Published online by Cambridge University Press: 25 September 2025
5.1 A New Decade
1 January 1950 ushered in a new decade. The Second World War with all the attendant disasters and troubles was of the last decade. London was looking forward to the ‘Festival of Britain’ which I too attended in 1951. In the ‘Dome of Discovery’ we could wonder at the modern television-like monitors (small and black and white) such as we had only seen in a few shop windows. Here they proudly displayed the achievements of British research and industry. The imaginative slim ‘Skylon’, its pointed ends top and bottom, one secure and the other stretching up into the sky has long since disappeared but the Royal Festival Hall is still buzzing with activity. In London the second Elizabethan age was ushered in in 1952, with the accession of Queen Elizabeth. The following years of the decade witnessed a revolution in domestic affairs, as the country increasingly looked inwards, and there was a corresponding decline in British influence worldwide.

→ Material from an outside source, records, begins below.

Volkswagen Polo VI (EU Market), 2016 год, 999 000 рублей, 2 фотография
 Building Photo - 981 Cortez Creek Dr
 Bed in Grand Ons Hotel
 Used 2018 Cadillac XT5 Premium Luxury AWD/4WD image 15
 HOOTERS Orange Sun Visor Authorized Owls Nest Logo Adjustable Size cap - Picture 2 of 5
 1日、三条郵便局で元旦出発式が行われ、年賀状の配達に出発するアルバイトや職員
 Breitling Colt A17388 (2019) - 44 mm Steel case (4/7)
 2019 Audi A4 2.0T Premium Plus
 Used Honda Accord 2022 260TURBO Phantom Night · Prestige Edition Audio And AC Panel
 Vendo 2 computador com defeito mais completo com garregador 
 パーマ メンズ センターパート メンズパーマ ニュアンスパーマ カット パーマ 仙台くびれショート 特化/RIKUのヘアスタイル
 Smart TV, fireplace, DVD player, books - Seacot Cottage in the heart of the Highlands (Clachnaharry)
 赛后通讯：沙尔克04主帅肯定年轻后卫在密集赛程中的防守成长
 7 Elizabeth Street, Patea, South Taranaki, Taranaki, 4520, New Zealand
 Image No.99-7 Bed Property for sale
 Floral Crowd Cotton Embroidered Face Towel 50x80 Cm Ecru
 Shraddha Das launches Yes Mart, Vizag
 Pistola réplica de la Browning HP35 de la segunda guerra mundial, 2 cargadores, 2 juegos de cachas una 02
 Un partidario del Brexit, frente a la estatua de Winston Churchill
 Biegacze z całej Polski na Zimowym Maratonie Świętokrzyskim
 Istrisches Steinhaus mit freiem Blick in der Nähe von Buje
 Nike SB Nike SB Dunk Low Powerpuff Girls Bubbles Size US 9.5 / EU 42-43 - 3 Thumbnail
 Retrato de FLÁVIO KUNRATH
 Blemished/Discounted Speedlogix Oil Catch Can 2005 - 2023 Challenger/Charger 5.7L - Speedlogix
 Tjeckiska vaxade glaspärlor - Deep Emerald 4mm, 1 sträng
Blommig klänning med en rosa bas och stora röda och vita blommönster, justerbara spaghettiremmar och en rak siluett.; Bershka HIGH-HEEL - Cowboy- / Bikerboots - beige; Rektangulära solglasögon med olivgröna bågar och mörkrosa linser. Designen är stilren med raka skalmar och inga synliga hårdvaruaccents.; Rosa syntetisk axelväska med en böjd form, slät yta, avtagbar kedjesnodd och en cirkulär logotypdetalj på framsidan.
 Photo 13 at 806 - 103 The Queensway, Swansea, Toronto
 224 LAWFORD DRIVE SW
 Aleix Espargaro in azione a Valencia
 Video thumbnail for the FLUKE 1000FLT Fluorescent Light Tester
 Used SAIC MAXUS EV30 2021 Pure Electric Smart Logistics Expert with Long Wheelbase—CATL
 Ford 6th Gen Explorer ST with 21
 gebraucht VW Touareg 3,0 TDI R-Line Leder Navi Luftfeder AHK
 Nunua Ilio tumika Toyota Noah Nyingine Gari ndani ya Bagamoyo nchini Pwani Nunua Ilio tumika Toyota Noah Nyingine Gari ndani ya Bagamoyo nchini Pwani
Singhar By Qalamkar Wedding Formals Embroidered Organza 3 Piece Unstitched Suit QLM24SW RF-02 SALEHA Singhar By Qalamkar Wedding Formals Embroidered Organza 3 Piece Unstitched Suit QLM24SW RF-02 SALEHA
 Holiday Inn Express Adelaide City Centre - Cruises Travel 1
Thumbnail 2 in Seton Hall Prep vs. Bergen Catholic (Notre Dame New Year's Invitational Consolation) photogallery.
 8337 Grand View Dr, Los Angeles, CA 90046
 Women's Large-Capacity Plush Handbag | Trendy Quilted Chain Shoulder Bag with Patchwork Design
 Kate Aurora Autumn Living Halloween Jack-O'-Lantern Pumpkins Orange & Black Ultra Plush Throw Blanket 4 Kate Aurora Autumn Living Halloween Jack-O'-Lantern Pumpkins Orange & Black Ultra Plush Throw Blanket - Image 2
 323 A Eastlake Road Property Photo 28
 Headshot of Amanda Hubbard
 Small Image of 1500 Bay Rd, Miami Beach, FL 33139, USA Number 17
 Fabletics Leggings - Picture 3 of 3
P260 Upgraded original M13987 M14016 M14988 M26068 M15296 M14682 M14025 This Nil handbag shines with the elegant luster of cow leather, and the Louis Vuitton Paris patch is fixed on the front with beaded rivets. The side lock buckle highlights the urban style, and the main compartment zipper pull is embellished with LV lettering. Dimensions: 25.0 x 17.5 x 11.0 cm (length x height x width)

The Trucial Coast, unknown and of no interest to most of the world, was also entering a new era. There was expectation, and disappointment ahead. The pearl industry, struggling for a couple of decades was about to give way to the oil industry. Codrai wrote in October 1950 that the current year's pearling season had been very good and profitable for Dubai. But other reports tell us that the pearling dhows, one after another through the decade abandoned their age-old occupation while the oil industry in its all too slow arrival mirrored the equally slow decline of the pearl trade. Dubai was again ‘bucking the trend’ and in January 1951 Henderson wrote that the proceeds from the customs were reported to be ‘over one lac per month. (these are nett proceeds and exclude the slice taken by the customs chief)’ Then he also wrote ‘Trade appears to be increasing daily, and Captain Holden declared the creek navigable to all company craft.’
The company was about to drill the first well on the Trucial Coast. The hardships suffered by divers were soon to pass into history as slowly the opportunity to earn a regular wage was becoming possible either at home or in one of the neighbouring countries.